それが終わるとほとんどの友達は部活動の時間にあてています。私はパソコン同好会に入っているので、PC教室に行っています。将来の就職に少しでも役にたつかな、と思って入りましたが、実際はパソコンに触れるよりは、友達としゃべっている時間の方が長いです。
じっくり自分の将来を考えながら学べる学校
今は本当に学校生活を満喫していますが、実は2年生の時に、将来と現実のことを考えて、また悩みを抱えるようになり、学校に行くのが嫌になった時期がありました。「このまま、学校を辞めてしまおうかな」とも考えていたんです。
そんな時に先生や両親が親身になって相談にのってくれました。担任の先生からは「長い人生なんだから、あせらず、じっくりと考えなさい」とアドバイスをいただき、また保健の養護の先生は、泣いていた時に一緒にお昼ごはんを食べてくれたりしながら、優しく見守ってくれました。

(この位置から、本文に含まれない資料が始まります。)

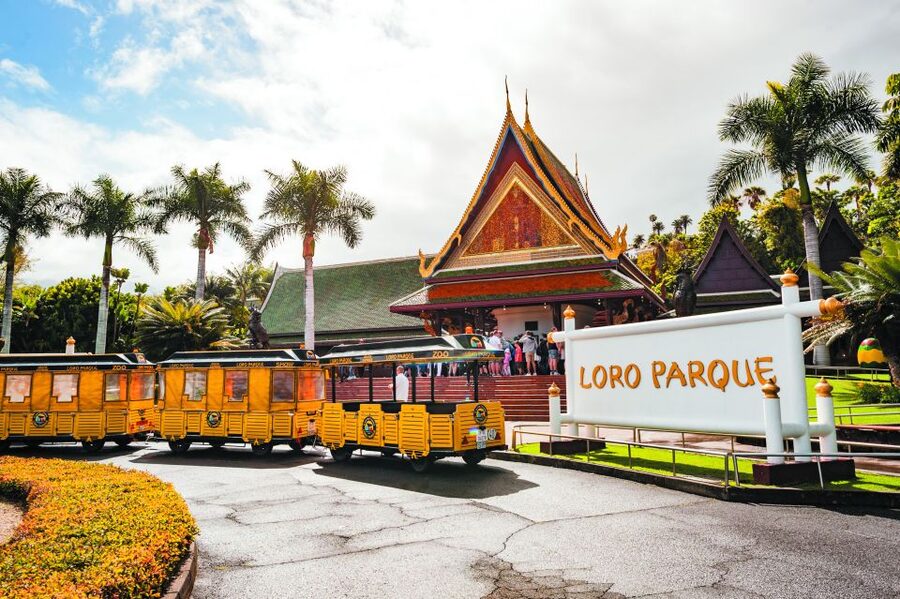 From South Tenerife: Loro Park Zoo Ticket & Hotel Transfers - Planet Penguin and the cool heart of the park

おかげで少しずつ立ち直ることができ、自分から心を開けるようになったんです。すると友達も増えて、今ではすっかり学校が楽しくなりました。あの当時を振り返ると、学校を辞めなくて本当に良かったと思います。もし辞めていたら、もう自分の居場所をなくして、立ち直れなくなっていたかもしれません。
毎日を明るく楽しんで生きる
高校を卒業したら就職したい、と考えているのですが、「こんな仕事がしてみたい」という具体的な希望はまだありません。夢を見つけることが夢という段階です。ここにたどり着くまで、色々なことで悩み、精神的に不安になっていたので、今は毎日を明るく楽しんで生きることを心がけています。平凡でも、そのことが一番大事で難しい、ということが自分なりに分かったからです。